麦巻の試練は終わらなかった。賃貸マンションが更新期を迎える。更新料は11万円。家賃もあるので今の麦巻には支払うのが難しく、引っ越しを決意する。
「この部屋を出るのはマンションを買うときだと思っていたんだけどなぁ」
兄と暮らす母親・惠子(朝加真由美)には助けてもらえない。それどころか叱られてしまう。
「なんで引っ越すの。だから会社を辞めないほうがいいって言ったじゃない」
麦巻は孤独感を深めていった。遠い世界の話のようで、誰もが同じような立場になりかねないのではないか。
転居先を探し始めた麦巻が不動産屋から紹介された物件が、家賃月5万円台の団地である。内見に訪れたところ、その日は風邪で頭が痛く、喉も腫れていた。
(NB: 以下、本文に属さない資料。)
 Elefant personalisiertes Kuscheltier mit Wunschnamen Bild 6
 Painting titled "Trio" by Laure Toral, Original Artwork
そんな麦巻を見て「あら大変」と心配したのが、隣室に住む大家・美山鈴(加賀まりこ)である。自室に飛んで帰った。風邪薬でも持って来るつもりか――。
麦巻は鈴の振る舞いに顔をしかめる。不動産屋に「大家さんが隣ですか。人との距離が近い生活はちょっと・・・」と訴えた。
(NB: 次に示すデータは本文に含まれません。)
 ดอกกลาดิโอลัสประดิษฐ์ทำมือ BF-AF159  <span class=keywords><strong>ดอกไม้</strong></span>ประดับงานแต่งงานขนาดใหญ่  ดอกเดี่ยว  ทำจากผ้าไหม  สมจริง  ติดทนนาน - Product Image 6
自己責任社会を生きる現代人は他人の干渉を嫌うから、麦巻がこの部屋を避けようとしたのは不思議ではない。まして麦巻は身近な後輩に裏切られたばかりなので、余計に他人と距離を置きたかったのだろう。
麦巻が次の物件の内見に移ろうとしていたところへ鈴が戻って来る。手にしていたのは風邪薬ではなく、大根の切れ端。鈴は麦巻にそれをかじるように促し、効用を得意げに説いた。
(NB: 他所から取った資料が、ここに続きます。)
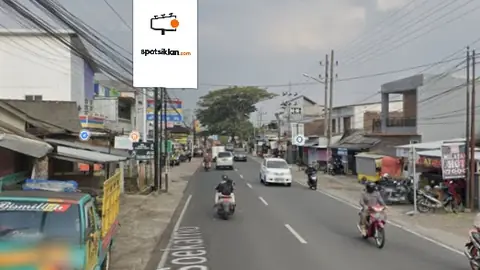 Baliho 6 × 4 m di Jl. Raya Beji (dari Jalan utama arah Kota Wisata Batu), Jawa Timur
「大根は喉の炎症を和らげるでしょう。鼻の辺りにも効いて、頭痛が治っちゃうの」
だが、麦巻は不動産屋に促され、その場を立ち去ろうとする。鈴は大根を手にしたまま、悄然と立ち尽くす。見ていられなくなった麦巻は大根をかじる。やさしいのだ。これが人生の岐路になる。